The objects they interact with can be contemplated as symbols. In Ying’s solos - the Table-chair Relationship, in choosing from infinite number of positions, she is making a connection to her body, the table becomes her back support and a mirror. Dances with pink fan in honouring it, it is an analogy for the traditional aspects of herself.

Also using the object as an extension of the body, leading the mover into the dynamics of the sequence.

It is about pushing into the imaginative realm and loosing the original image once some specificities of the original movement are found and articulated clearly.




Development and Skill-building


  • Finding reasons for doing things.

  • Methods to explore, expand and transform particular shapes taken from the research.

  • Using planes of movement in all directions.

  • Finding one trajectory or essence of the movement to cohere all the smaller discoveries.

  • The body as the extension of the object.

  • Finding new rhythms, play with time so that each action doesn’t take the same amount of time.
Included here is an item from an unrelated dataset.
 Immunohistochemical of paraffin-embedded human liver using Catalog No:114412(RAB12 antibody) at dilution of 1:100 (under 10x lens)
When you are bored at work you can be thinking of anything, let your character dream.


Questions from mentors

  • What can be taken away from the original movement and still retain something of the original knowledge?
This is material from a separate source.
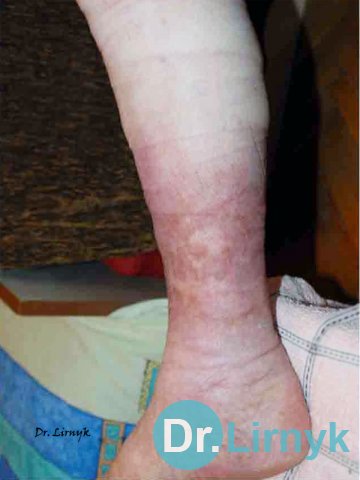Гипертоническая язва: конец лечения. Полное восстановление кожных покровов.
  • Using a painting as a score - is this a helpful in creating dance from traditional forms of labour-based movement or does it create too much abstraction so that we can no longer see the original source of the movement?
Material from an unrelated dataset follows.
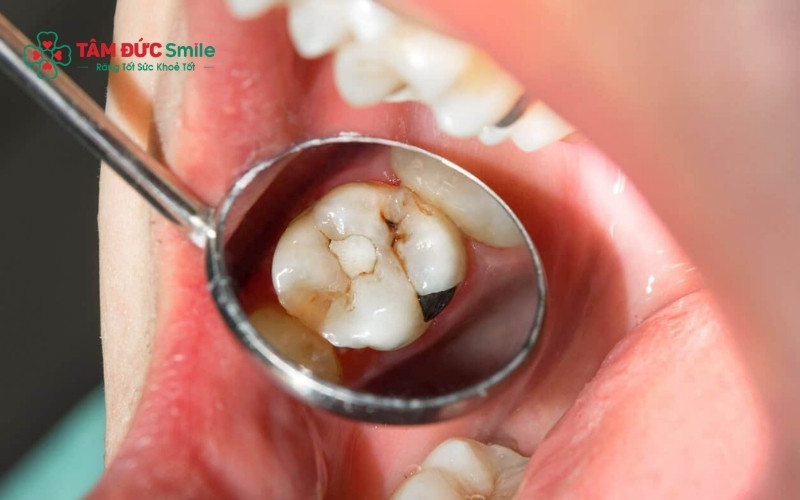 Biến chứng nguy hiểm của răng sâu có mùi hôi như áp xe và viêm tủy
  • How to flow from one movement to the next?

  • Anna’s solo: What is the relationship between dancer and the small stool in the middle of the space? What is the function of the stool?

  • Ying’s solo: Will she interact with the plants? What are the plants saying to her? Do the plants represent ‘people’? What is she thinking? Her body folding forward – is this a posture of sorrow? Surrender? Is the fan in her mouth a sign of silencing herself?

  • Are you portraying the person you met or are you imagining yourself at this job? What kinds of leverage do you give yourself to create a new character?

  • How much does narrative play into this? Is there a story arc in each dance or is it more important to repeat patterns, finding variation and levels of emotional tone and physical intensity?



General observations

Ana’s solo: The stool was small, yet it took up a lot of energetic space. The dancer's repeated pattern of crossing over the stool and moving to different corners of the space rendered the ordinary stool as some kind of barrier or obstruction - something to ‘get over’.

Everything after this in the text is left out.